Title: Towards 100% Renewable Energy: Development of Optimization and Control Tools Facilitating Massive Renewable Integration
Abstract: In this talk, we introduce some of my recent works on the development of optimization and control tools to facilitate renewable integration. The two main topics to be covered are DER aggregate flexibility characterization and grid integration, as well as transient stability analysis of inverter-based resources.
In the first part of the talk, we introduce new mathematical formulations and solution approachs to 1) characterize the flexibility region of aggregate DER; and 2) facilitate the participation of aggregated DERs in the wholesale energy market as a virtual power plant (VPP). An ellipsoidal inner approximation of the set of feasible power injection set (flexibility region) at the substation is constructed based on adaptive robust optimization (ARO) technique, which incorporates uncertainties and intertemporal correlation of DER power output characteristics. Leveraging optimal quadratic and affine policies, tractable safe approximations of the ARO can be obtained. To ensure compatibility with the existing market structure, we explore the design of generation cost curves for aggregate DER flexibility to facilitate its integration in the bulk power system. The cost curve design problem is cast again as an ARO problem which preserves both the aggregators’ competitiveness and profitability. Efficient solution algorithm based on concave programming and constraint generation algorithm is developed.
In the second part of the talk, we discuss the development of a Lyapunov-based transient stability certificate for droop-based inverter networks leveraging Kuramoto oscillator and compartmental systems theory. The certificate can be used to characterize the region of attraction for the inverter dynamics which ensures asymptotic stability and preserves constraint satisfaction for the entire post-fault dynamics. We discuss a scalable mixed-integer programming formulation to efficiently derive the region of attraction. The new stability certificate exploits special physical properties of the underlying network to reduce the conservatism of existing direct method-based certificates.

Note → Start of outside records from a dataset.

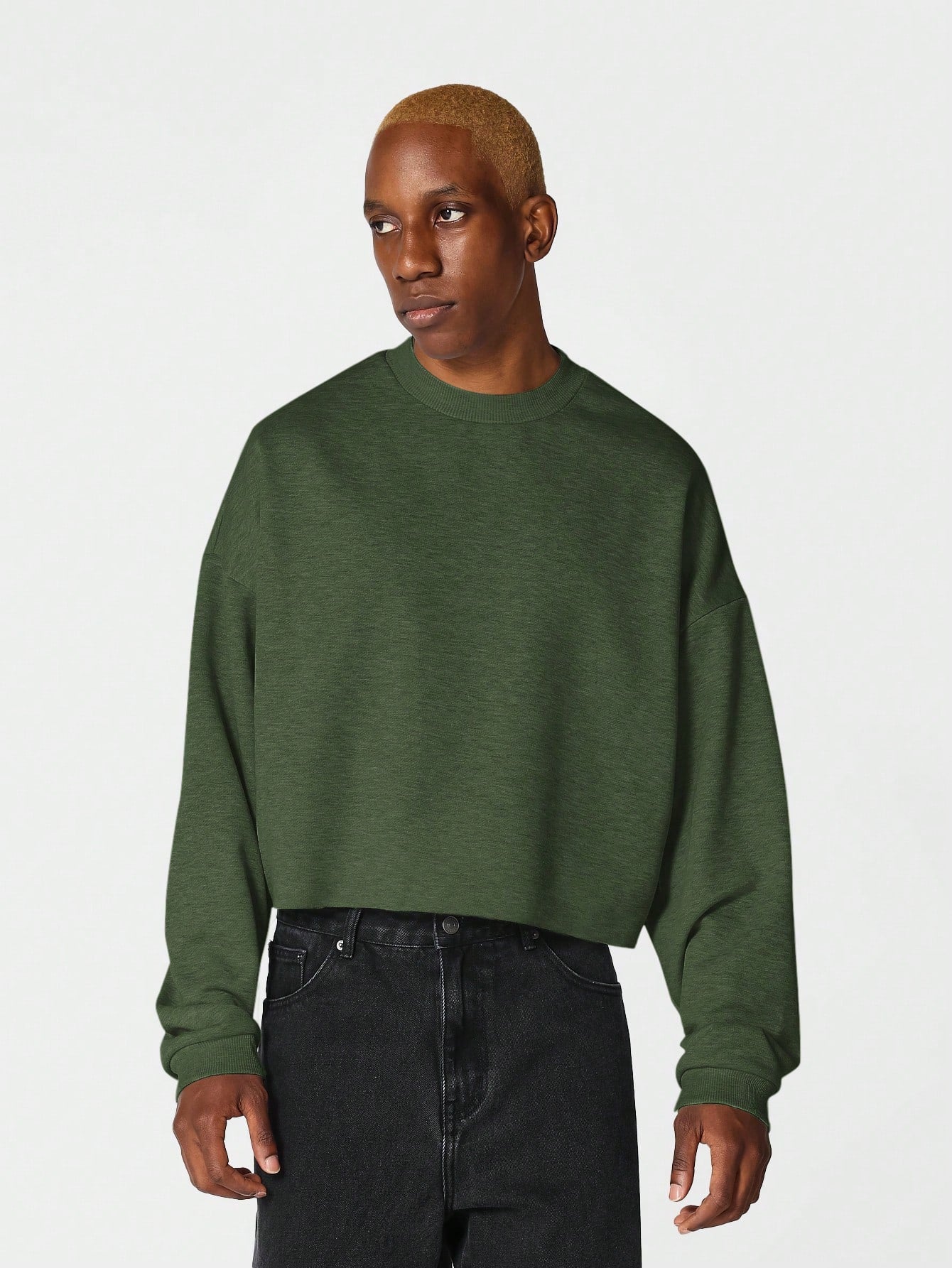 Crop Fit Crew Neck Sweatshirt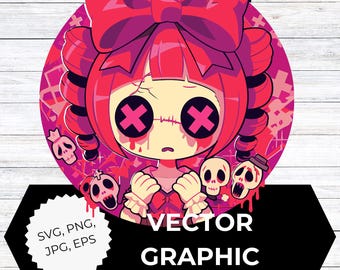 Creepy Kawaii Horror Doll Clipart | Cute Scary Doll SVG, PNG, eps, jpeg | Spooky Pastel Goth Graphic for Halloween, Stickers, Digital Art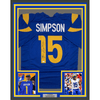 Framed Autographed/Signed Ty Simpson 35x39 Los Angeles LA Blue Football Jersey JSA COA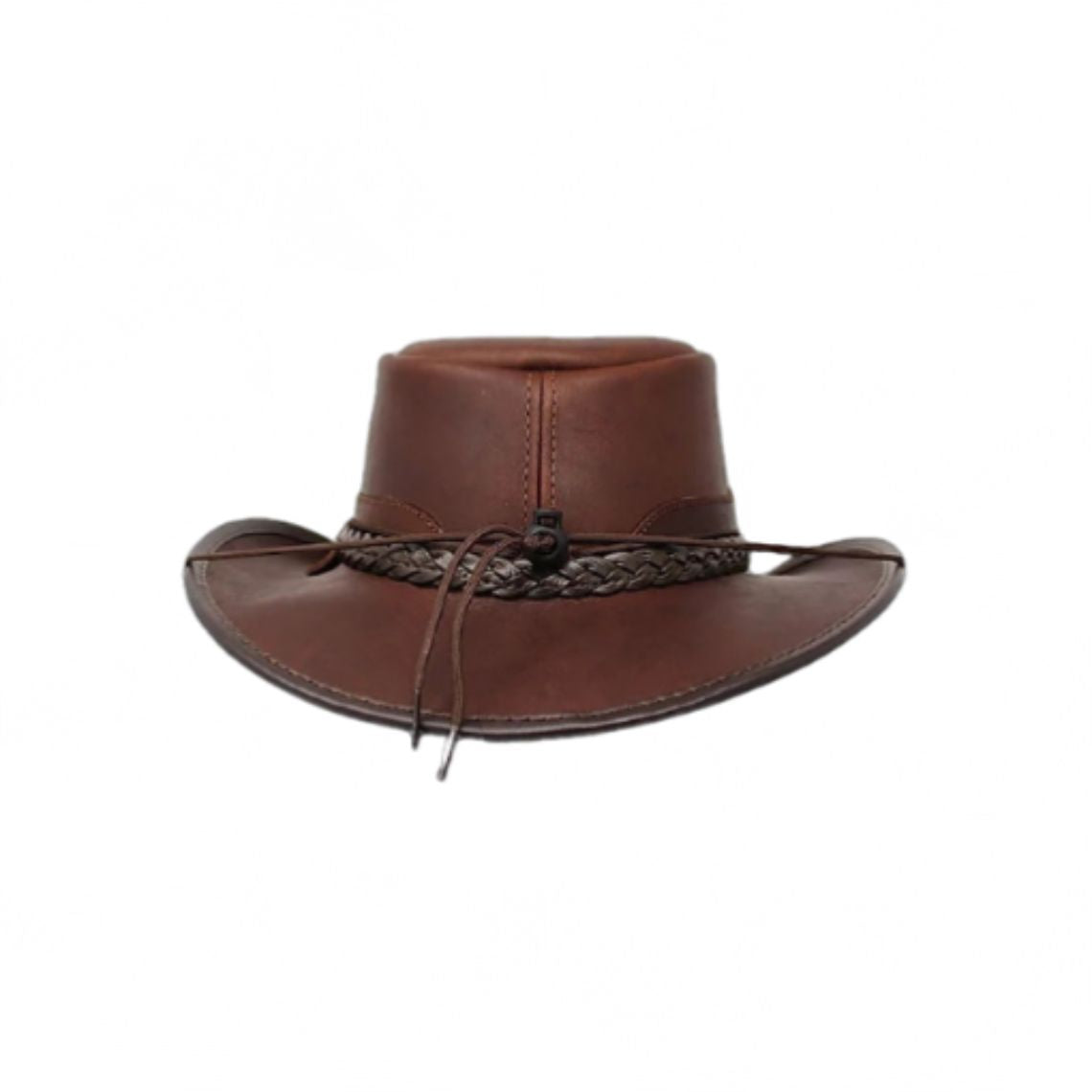 Rear view of mens brown leather cowboy hat with braided band detailing and adjustable chin cord.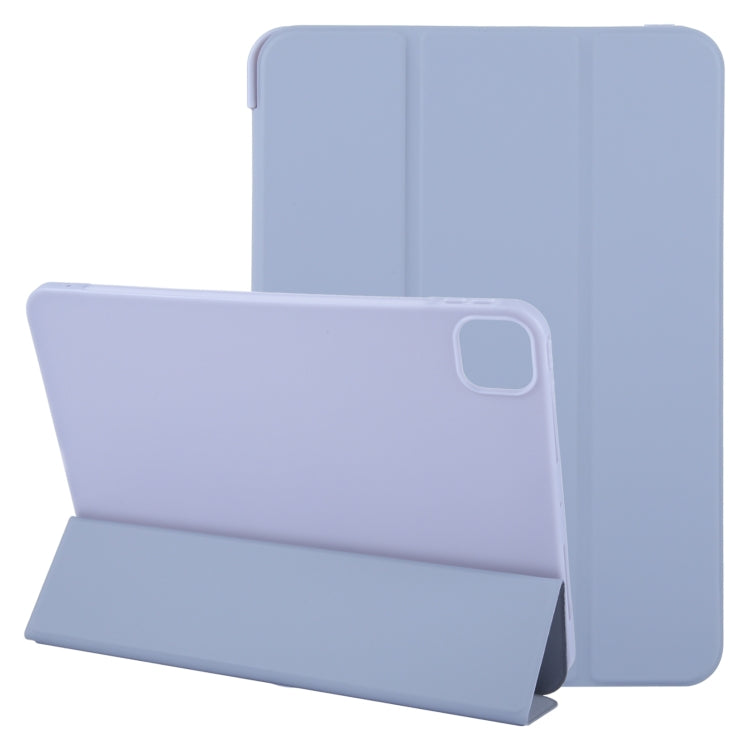 For iPad Pro 11 2024 GEBEI 3-folding Holder Shockproof Flip Leather Tablet Case(Light Purple) - iPad Pro 11 2024 Cases by GEBEI | Online Shopping UK | buy2fix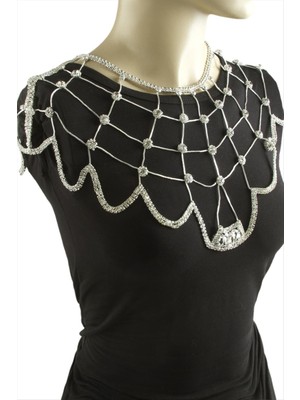 Bijuteri Net Fileli Taşlı Omuz Kolyesi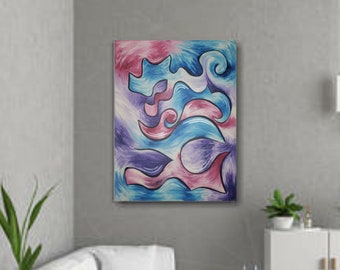 Dreamscape Symphony - A Vibrant Abstract Acrylic Painting with Shimmering Silver Accents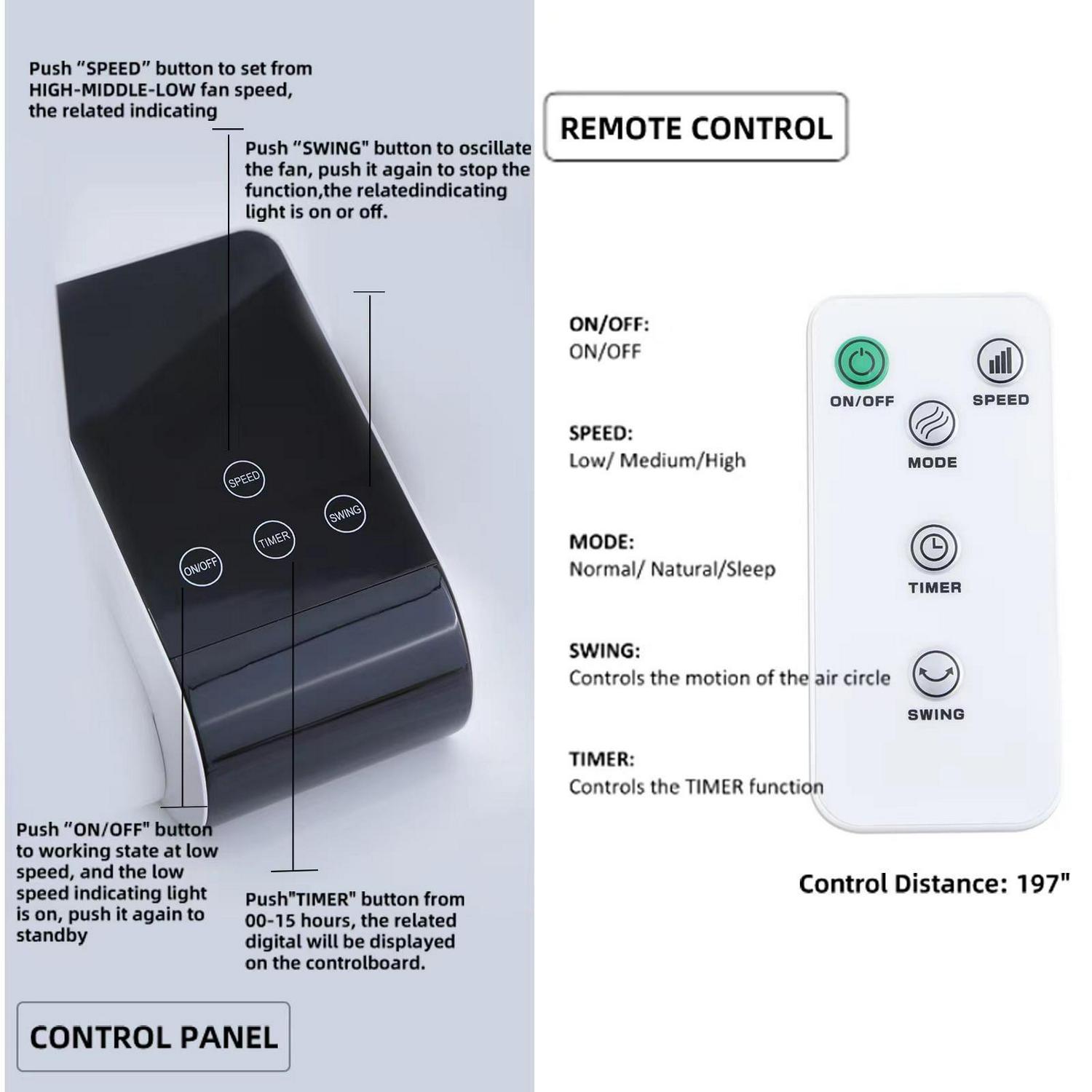 Dubbin 38 in 3-Speed Bladeless Oscillating Electric Household Fan - Image 8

Speaker Bio: Bai Cui is a researcher with the Power Systems Engineering Center at the National Renewable Energy Laboratory (NREL). He received his Ph.D. degree in Electrical Engineering from Georgia Tech in 2018. Prior to joining NREL, he was a postdoctoral appointee with the Center for Energy, Environmental, and Economic Systems Analysis (CEEESA) at Argonne National Laboratory from 2018 to 2019. His general research interests are in the application of optimization and control tools in power system studies. Some recent topics of interests include power system resilience and renewable integration.